In full and without alteration, write out the records.

----

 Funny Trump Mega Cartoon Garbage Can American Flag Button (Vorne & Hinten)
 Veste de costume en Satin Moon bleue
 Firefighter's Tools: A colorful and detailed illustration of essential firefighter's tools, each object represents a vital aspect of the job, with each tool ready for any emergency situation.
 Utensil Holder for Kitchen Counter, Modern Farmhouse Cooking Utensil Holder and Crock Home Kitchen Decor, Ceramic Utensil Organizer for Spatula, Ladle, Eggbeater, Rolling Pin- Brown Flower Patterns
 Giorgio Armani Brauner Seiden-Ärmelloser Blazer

----

• **Problem solution**:
 Funny Trump Mega Cartoon Garbage Can American Flag Button (Vorne & Hinten)
 Veste de costume en Satin Moon bleue
 Firefighter's Tools: A colorful and detailed illustration of essential firefighter's tools, each object represents a vital aspect of the job, with each tool ready for any emergency situation.
 Utensil Holder for Kitchen Counter, Modern Farmhouse Cooking Utensil Holder and Crock Home Kitchen Decor, Ceramic Utensil Organizer for Spatula, Ladle, Eggbeater, Rolling Pin- Brown Flower Patterns
 Giorgio Armani Brauner Seiden-Ärmelloser Blazer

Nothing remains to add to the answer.